- THE INPUT -

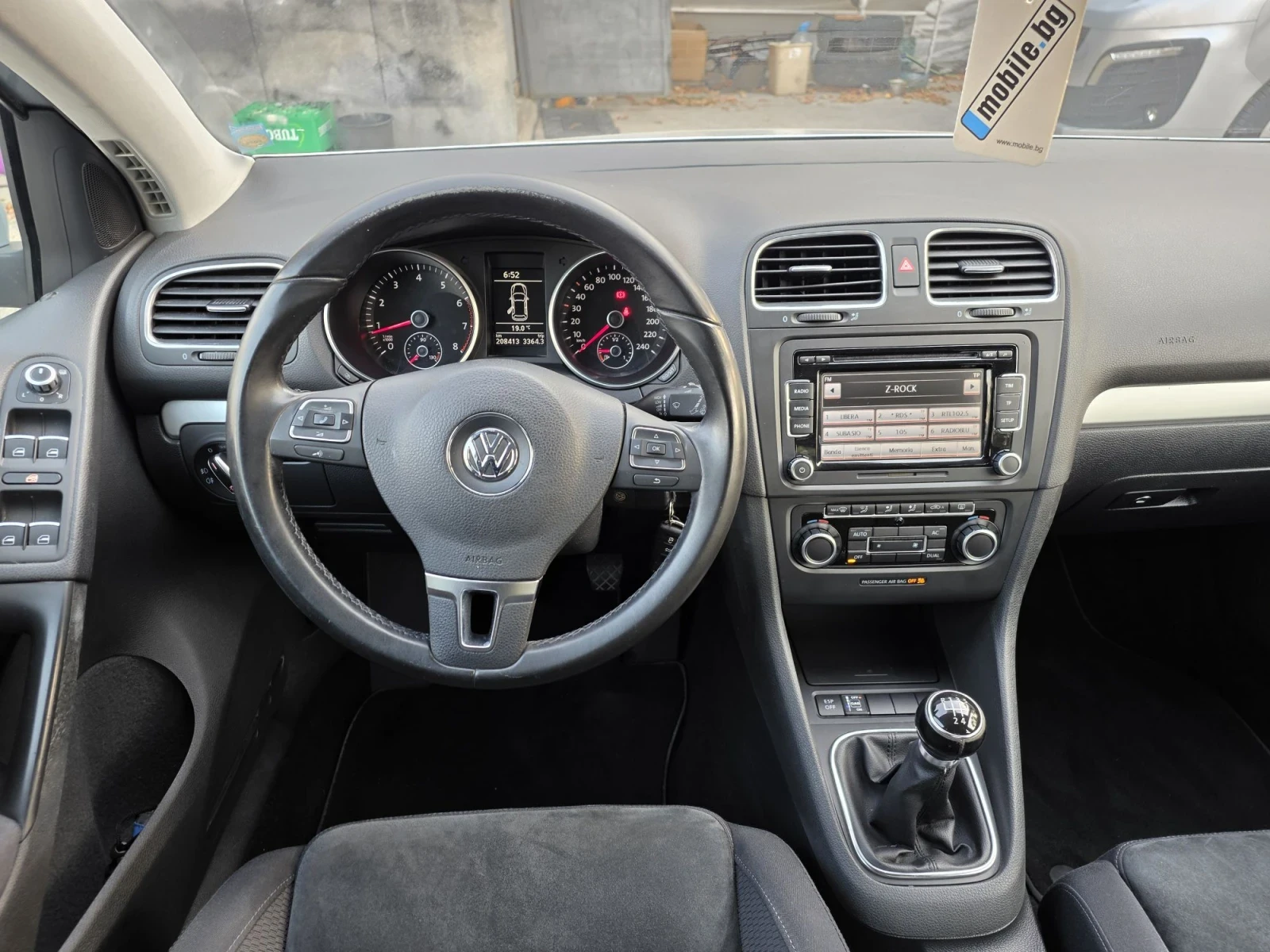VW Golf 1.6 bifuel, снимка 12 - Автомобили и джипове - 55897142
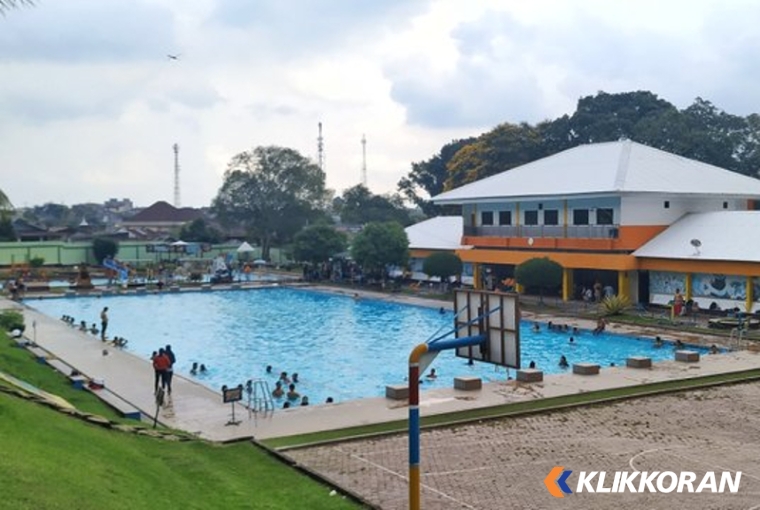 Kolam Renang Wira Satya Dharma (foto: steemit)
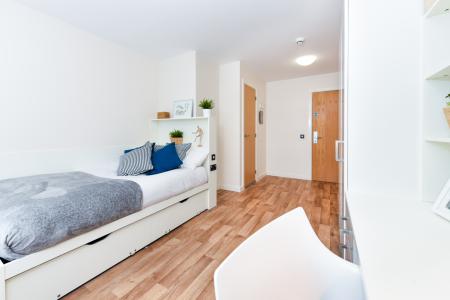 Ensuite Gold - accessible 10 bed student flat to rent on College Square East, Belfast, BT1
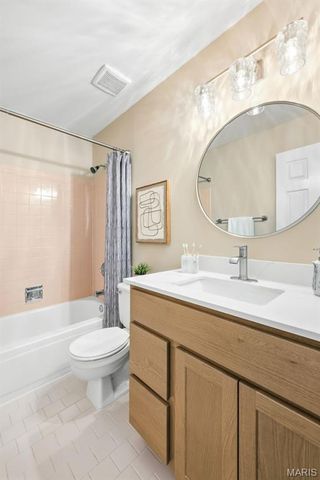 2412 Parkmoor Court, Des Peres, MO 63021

* * *

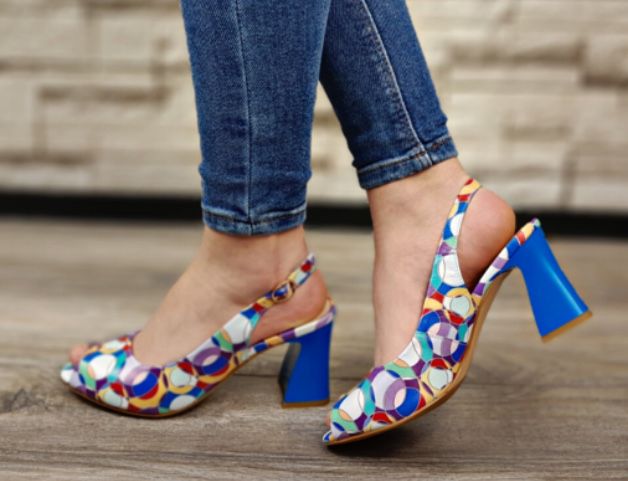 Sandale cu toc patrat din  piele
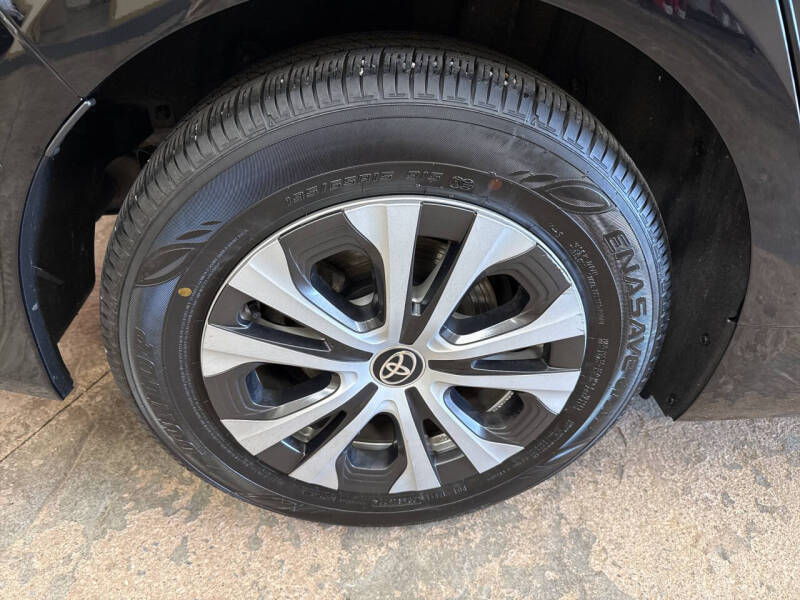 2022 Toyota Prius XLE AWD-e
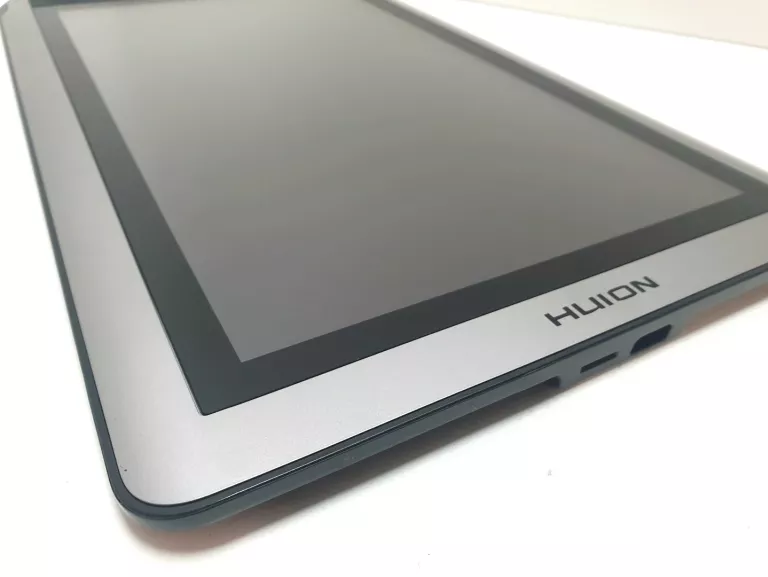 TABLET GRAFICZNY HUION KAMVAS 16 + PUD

- WORK INSTRUCTIONS -
With pictures omitted, repeat the entries above word for word from the line holding "2022 Toyota Prius XLE AWD-e" down to the line holding "TABLET GRAFICZNY HUION KAMVAS 16 + PUD", keeping both of those lines.

- RESPONSE TO THIS TASK -
 2022 Toyota Prius XLE AWD-e
 TABLET GRAFICZNY HUION KAMVAS 16 + PUD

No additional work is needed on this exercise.